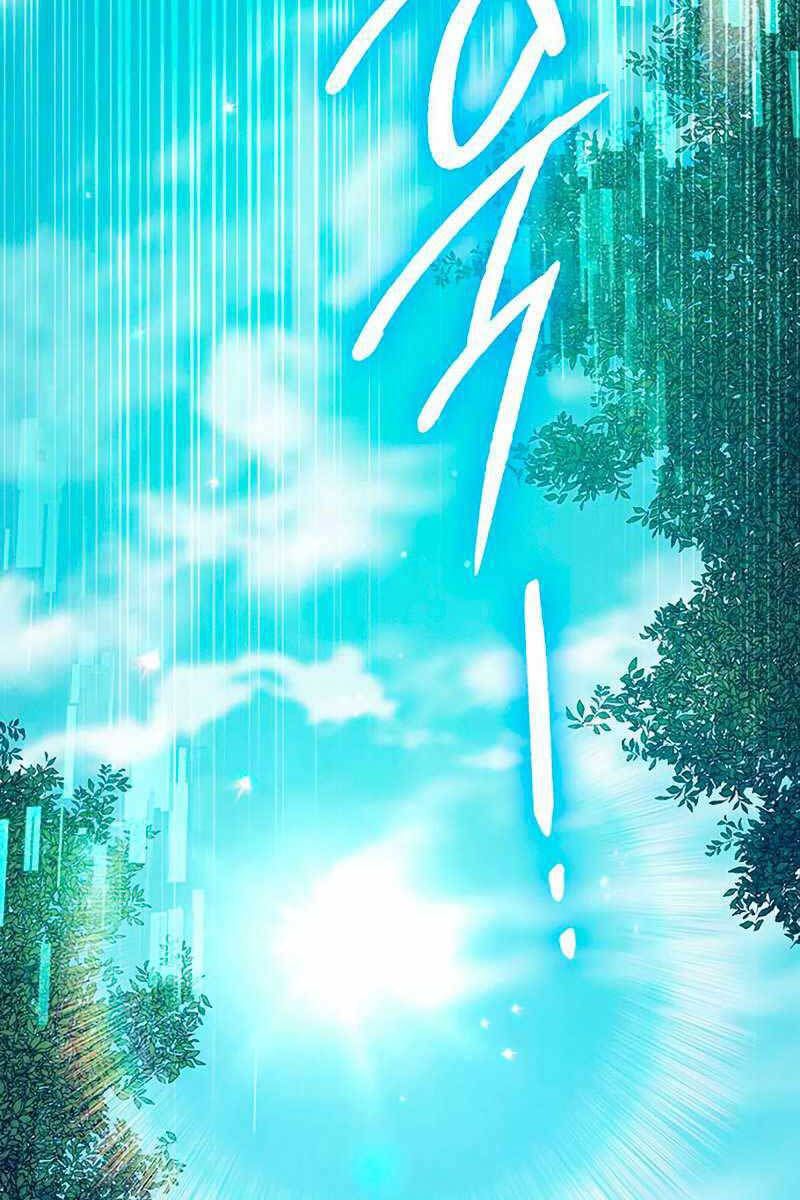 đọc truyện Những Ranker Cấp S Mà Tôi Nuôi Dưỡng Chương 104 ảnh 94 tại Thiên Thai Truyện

* * *

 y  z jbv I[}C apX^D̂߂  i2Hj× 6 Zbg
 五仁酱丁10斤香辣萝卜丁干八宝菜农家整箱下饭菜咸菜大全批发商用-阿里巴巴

▶ [About this exercise]
Reproducing the whole listing above is not the task. Copy exactly only the lines from the one with "i2Hj× 6 Zbg" to the one with "五仁酱丁10斤香辣萝卜丁干八宝菜农家整箱下饭菜咸菜大全批发商用-阿里巴巴", both kept.

▶ [Answer for the task]
 y  z jbv I[}C apX^D̂߂  i2Hj× 6 Zbg
 五仁酱丁10斤香辣萝卜丁干八宝菜农家整箱下饭菜咸菜大全批发商用-阿里巴巴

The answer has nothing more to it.